Le consultant a une vision plus entrepreunariale de votre projet. Il va chercher à bien le comprendre, et pas seulement sur ses aspects techniques : qui sont les utilisateurs ? Qu'est-ce qui va changer pour eux ? Quelle valeur vont-ils retirer du logiciel ? Comment allez-vous gagner de l'argent (ou faire des économies) avec ça ? Quel est votre marché ?

Le consultant aborde un projet avec un moindre niveau de détail que l'artisan. Il va réfléchir aux concepts manipulés par l'application, aux flux d'informations échangés. Le choix technique se fera dans un second temps. Il n’a pas de religion toute faîte sur tel langage de programmation ou tel framework :

  • Plutôt que de partir sur un développement spécifique, est-il possible d’utiliser un outil no-code (comme AirTable, WordPress ou Bubble.io) ?
  • Existe-t-il des des services externes (API) prêts à l'emploi qui évitent de re-développer ce que d'autres font déjà très bien ?
  • Peut-on ré-utiliser des projets open-source qui implémentent des fonctionnalités très proches de celles que l’on recherche ?
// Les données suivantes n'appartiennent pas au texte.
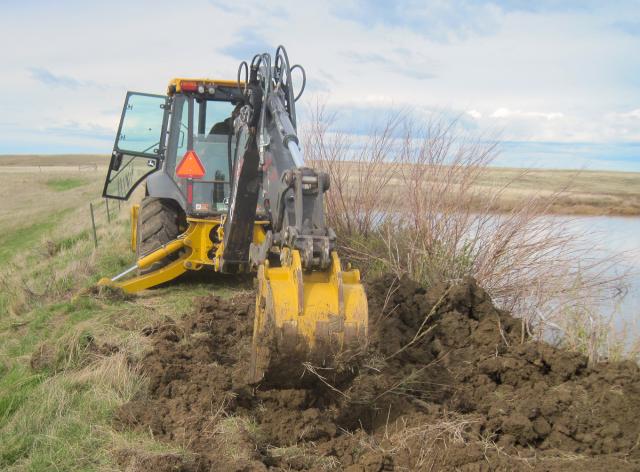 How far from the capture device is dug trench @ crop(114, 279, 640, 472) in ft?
13.1

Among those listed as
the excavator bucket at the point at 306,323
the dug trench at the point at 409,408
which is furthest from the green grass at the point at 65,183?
the excavator bucket at the point at 306,323

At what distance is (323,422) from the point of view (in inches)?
178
La limite de la démarche est que le diable se cache dans les détails. Avec une vision trop théorique, les rappels à la réalité peuvent être brutaux. Et le code développé ne va pas beaucoup plus loin que la version 1 (voire s'arrête au powerpoint).

C'est à ce moment que les atouts de l'artisan seront précieux. Après cette période de "défrichage", ou "d'exploration", l’artisan dispose d'une vision assez précise de ce qu'il faut coder. Il est davantage lucide sur les risques et les points techniques délicats qui l'attendent.
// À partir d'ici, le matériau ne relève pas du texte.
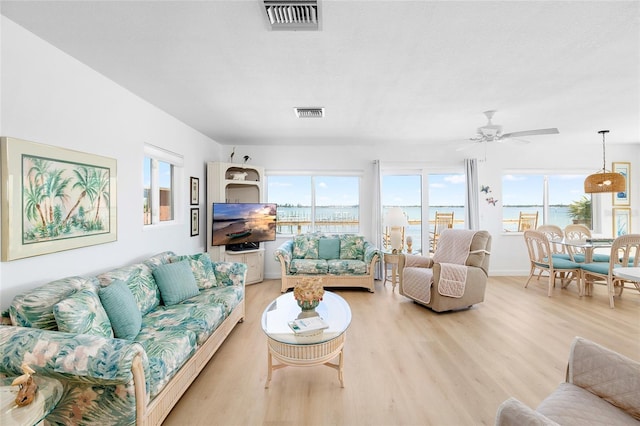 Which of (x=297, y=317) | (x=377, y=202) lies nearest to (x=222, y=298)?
(x=297, y=317)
Un projet informatique, c’est un peu comme franchir une colline.

Dans la pente montante, on avance sans trop savoir ce qui nous attend. Mais arrivé en haut, on dispose d'une vision panoramique de ce qu'il reste à faire et des pièges qui nous attendent pour arriver à destination.

Dans la montée, vous serez probablement mieux accompagné par un profil de "consultant". En revanche, un "artisan" sera plus à l'aise dans la descente.